[First Look] Öhlins TTX 22 M Universal
[First Look] Öhlins TTX 22 M Universal
In recent weeks, Öhlins announced two big pieces of news : first off they told us about their new rear twin tube rear damper – the TTX 22 M Universal. The second bit of big news mainly pertains to consumers in the US : Specialized no longer holds an exclusive on Öhlins so they’re becoming available for all other bike brands. After receiving prior notice we reached out to the renowned Swedish brand to inquire about testing the new coil damper on our Dream Bike. They obliged and we’re going to be providing them with some feedback on the shock and its tune in accordance with the Maiden as this is the first time they’ve fitted a shock to it. Anyhow, here’s what you need to know about their new high end unit…

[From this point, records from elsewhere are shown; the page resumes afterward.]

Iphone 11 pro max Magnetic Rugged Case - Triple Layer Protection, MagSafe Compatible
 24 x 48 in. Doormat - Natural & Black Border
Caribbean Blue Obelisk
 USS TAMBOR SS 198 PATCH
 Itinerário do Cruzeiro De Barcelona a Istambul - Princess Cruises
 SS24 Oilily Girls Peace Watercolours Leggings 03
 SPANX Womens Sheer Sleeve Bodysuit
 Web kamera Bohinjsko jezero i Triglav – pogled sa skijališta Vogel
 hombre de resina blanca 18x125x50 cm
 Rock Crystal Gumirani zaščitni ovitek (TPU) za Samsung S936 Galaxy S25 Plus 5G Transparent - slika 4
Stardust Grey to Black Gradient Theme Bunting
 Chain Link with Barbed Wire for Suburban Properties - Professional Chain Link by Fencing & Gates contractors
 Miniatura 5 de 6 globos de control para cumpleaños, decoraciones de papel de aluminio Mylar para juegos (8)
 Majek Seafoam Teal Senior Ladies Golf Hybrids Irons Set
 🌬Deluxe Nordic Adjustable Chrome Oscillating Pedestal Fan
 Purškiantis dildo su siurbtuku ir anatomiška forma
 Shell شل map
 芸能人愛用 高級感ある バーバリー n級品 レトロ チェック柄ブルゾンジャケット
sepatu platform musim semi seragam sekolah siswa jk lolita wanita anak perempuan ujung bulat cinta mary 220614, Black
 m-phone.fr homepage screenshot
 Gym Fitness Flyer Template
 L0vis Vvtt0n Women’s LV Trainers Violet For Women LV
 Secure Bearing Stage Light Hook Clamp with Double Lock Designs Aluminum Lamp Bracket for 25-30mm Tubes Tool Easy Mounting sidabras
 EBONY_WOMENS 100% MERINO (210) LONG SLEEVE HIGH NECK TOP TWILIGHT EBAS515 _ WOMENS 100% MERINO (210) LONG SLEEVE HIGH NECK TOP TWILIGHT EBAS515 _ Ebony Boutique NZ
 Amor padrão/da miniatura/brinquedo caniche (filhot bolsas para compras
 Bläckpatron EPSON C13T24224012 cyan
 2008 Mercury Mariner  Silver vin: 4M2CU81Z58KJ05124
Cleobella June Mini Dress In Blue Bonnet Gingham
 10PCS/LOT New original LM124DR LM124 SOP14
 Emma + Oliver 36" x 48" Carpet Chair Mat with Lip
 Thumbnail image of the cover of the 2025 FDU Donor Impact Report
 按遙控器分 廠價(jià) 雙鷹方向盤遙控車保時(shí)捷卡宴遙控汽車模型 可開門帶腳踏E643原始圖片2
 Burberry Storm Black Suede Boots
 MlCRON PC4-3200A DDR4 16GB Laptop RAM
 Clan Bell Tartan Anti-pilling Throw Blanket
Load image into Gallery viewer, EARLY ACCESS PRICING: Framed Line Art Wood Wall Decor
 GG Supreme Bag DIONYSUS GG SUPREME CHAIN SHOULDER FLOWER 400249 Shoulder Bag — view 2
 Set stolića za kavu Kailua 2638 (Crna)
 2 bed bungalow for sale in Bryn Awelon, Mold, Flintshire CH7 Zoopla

• 3 level high-speed compression adjustment
• 16 click low-speed compression adjustment
• 7 click rebound damping adjustment
• Shock length/stroke: 8.5×2.5”, 8.75×2.75”, 9.5×3”, 10.5×3.5”, 7.87×2.25”, 7.87×2.0”, 7.5×2.0”
• Metric sizing options to follow
• Spring weights have been reduced 25 – 30%
• 23 pound spring increments
• Spherical bearings eyelets offered as an option on widths up to 22 mm
• Nitrogen pressurized bladder reservoir system
• Weights from 423 grams to 454 grams including ball joint
• Price : $750 US (with spring)
• Availability : Universal – NOW
• Availability : Specific Fitment Gold Series – “Early 2017”
• Aimed at the Enduro/Gravity segment, the TTX 22 M is essentially split up between the two disciplines and tuned according to either shocks that will be pedaled or shocks that wont.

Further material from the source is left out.